B’rit Chadashah: Yochanan (John) 3:9-21
Let’s focus on verses 13-15 for a moment. No one has gone up into heaven; there is only the one who has come down from heaven, the Son of Man. Just as Moshe lifted up the serpent in the desert, so must the Son of Man be lifted up; so that everyone who trusts in him may have eternal life.” Our first question may be “why would Yahshua ask us to look up to a serpent?” Let’s think about what we’ve previously covered in this lesson.
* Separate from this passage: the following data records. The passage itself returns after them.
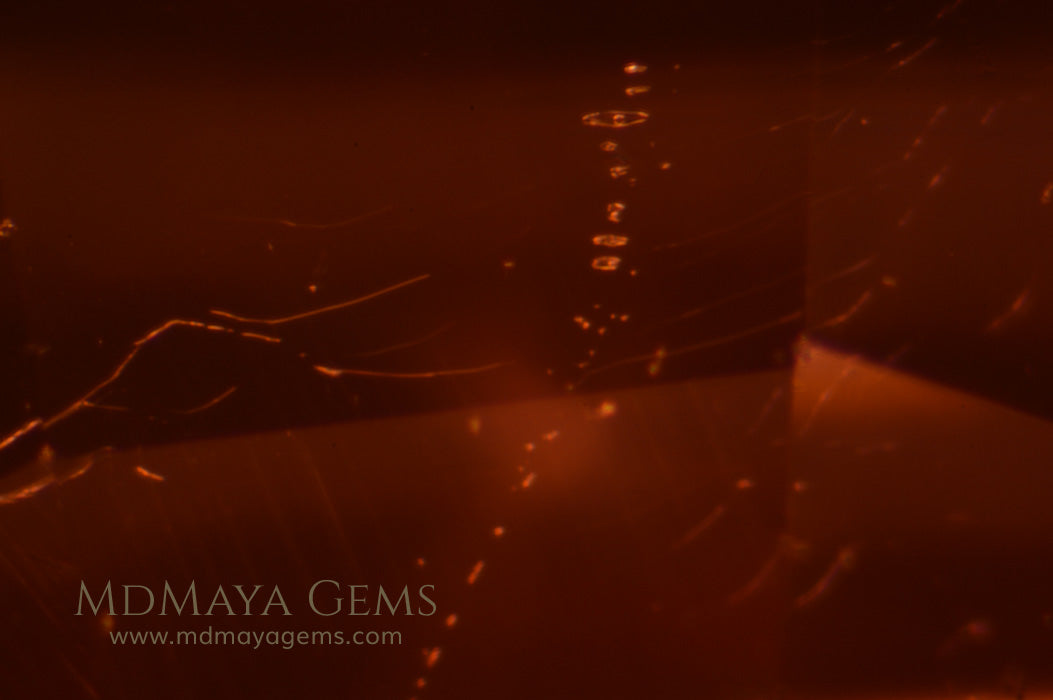 Inclusions in Pink Tourmaline from Mozambique Pear Cut., 5.77 ct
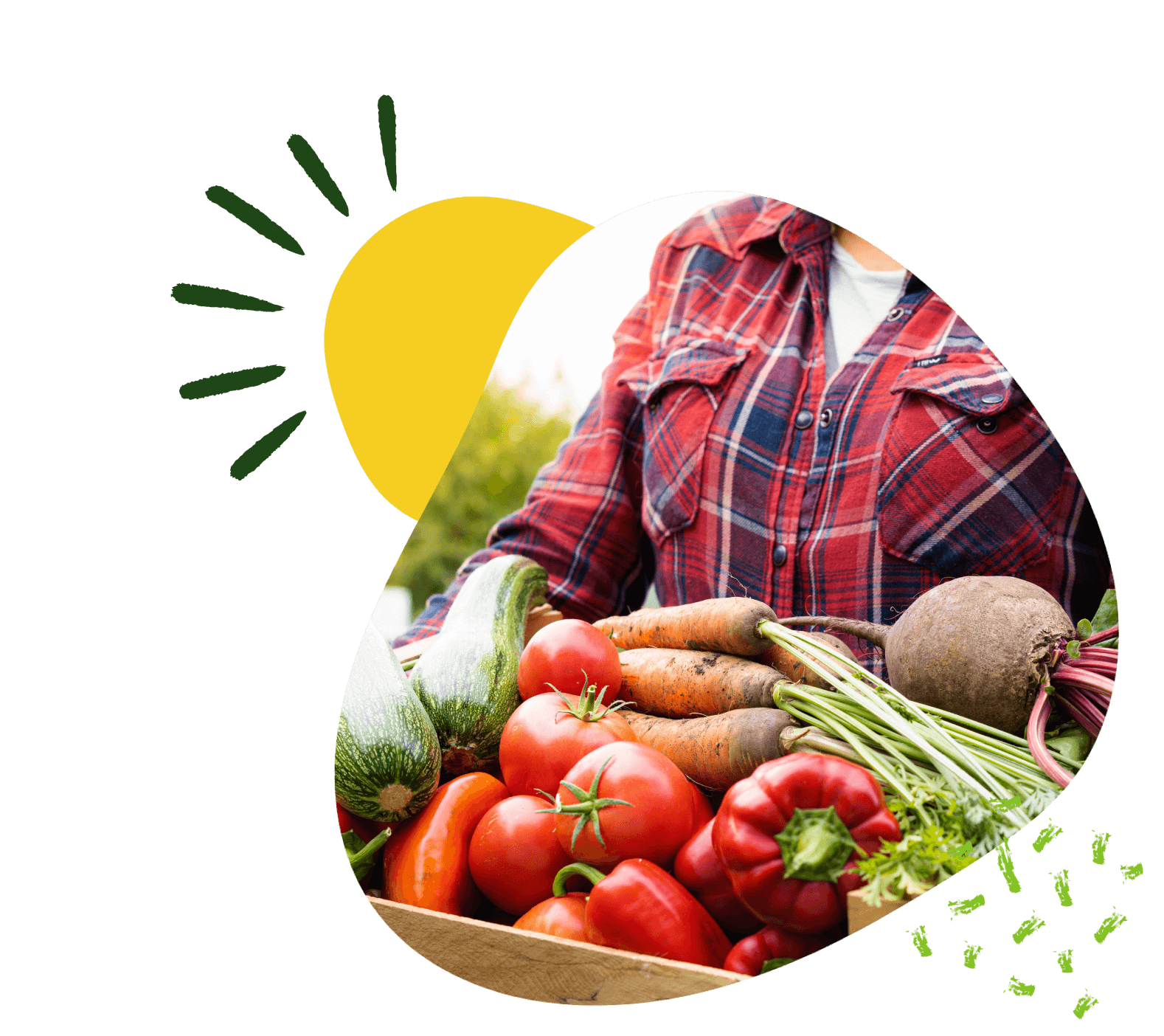 A person standing in front of some vegetables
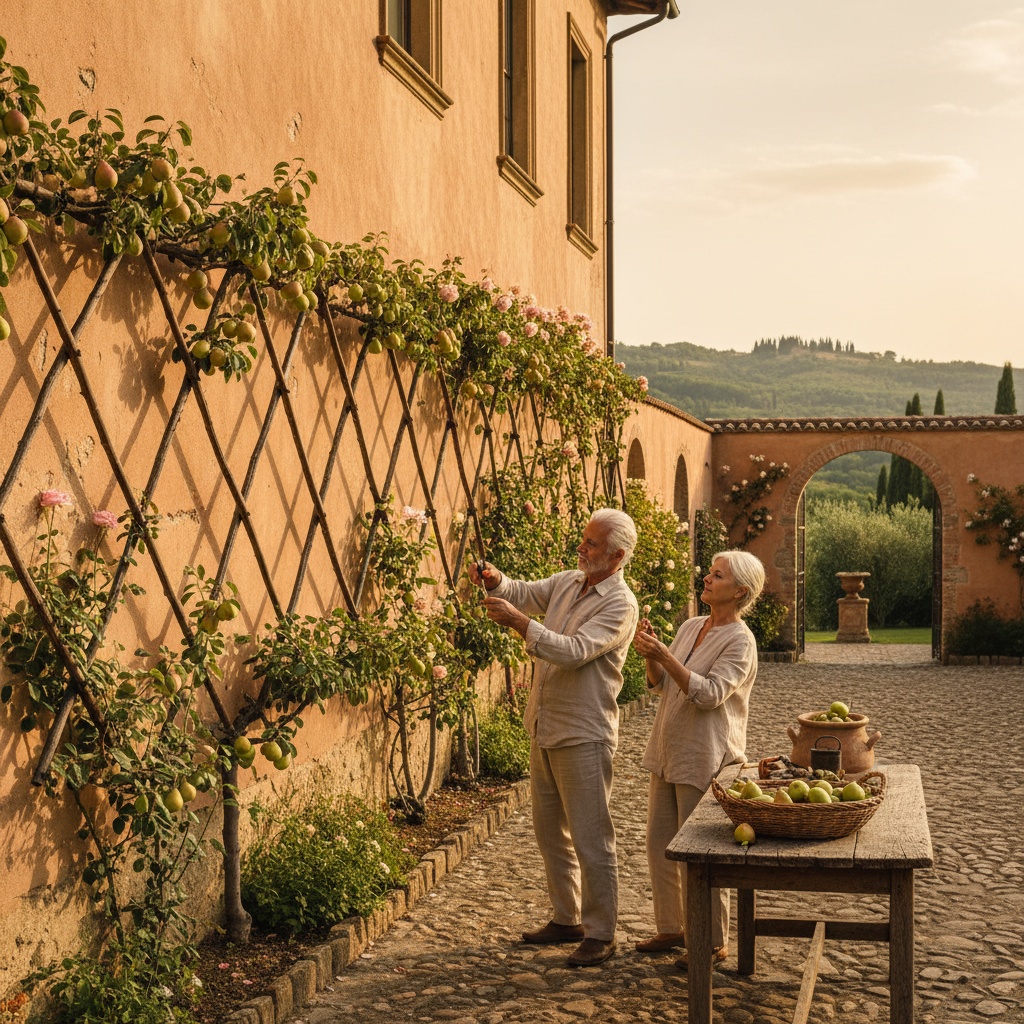 Espalier Pear Trees: Training Fruit Branches Along Warm Courtyard Walls — visual companion 3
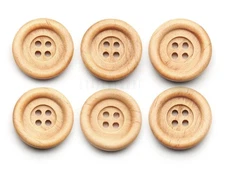 12 PCS 21mm Wooden Buttons, 4 Holes, Round, Wood, Sewing, DIY Crafts, B739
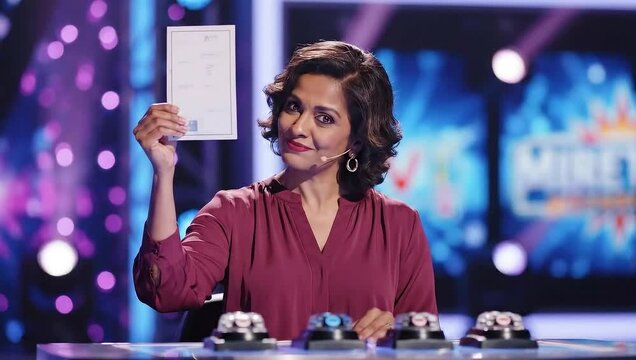 Game Show Host Presenting Trivia Question on Stage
Yahshua became sin for us; unclean in spirit and in body until He ascended to heaven. In our parashah G-d tells Moshe that anyone who has been bitten and looks up to the snake on the pole will remain alive (Num. 21:9). According to the apocryphal book, Wisdom of Solomon, which says that the serpent served as lesson and symbol: “He who turned toward it was saved, not by what he saw, but by You, Savior of all.” And the Mishnah (contained in the Talmud) teaches “Could the serpent slay, or the serpent keep alive? It is rather to teach you that when the Israelites directed their thoughts toward on high and kept their hearts in subjection to their Father in heaven, they were healed; otherwise, they perished.” The lesson for us is that we must actively trust in Yahshua and keep our eyes on Him, even when we are in the midst of “being bitten”.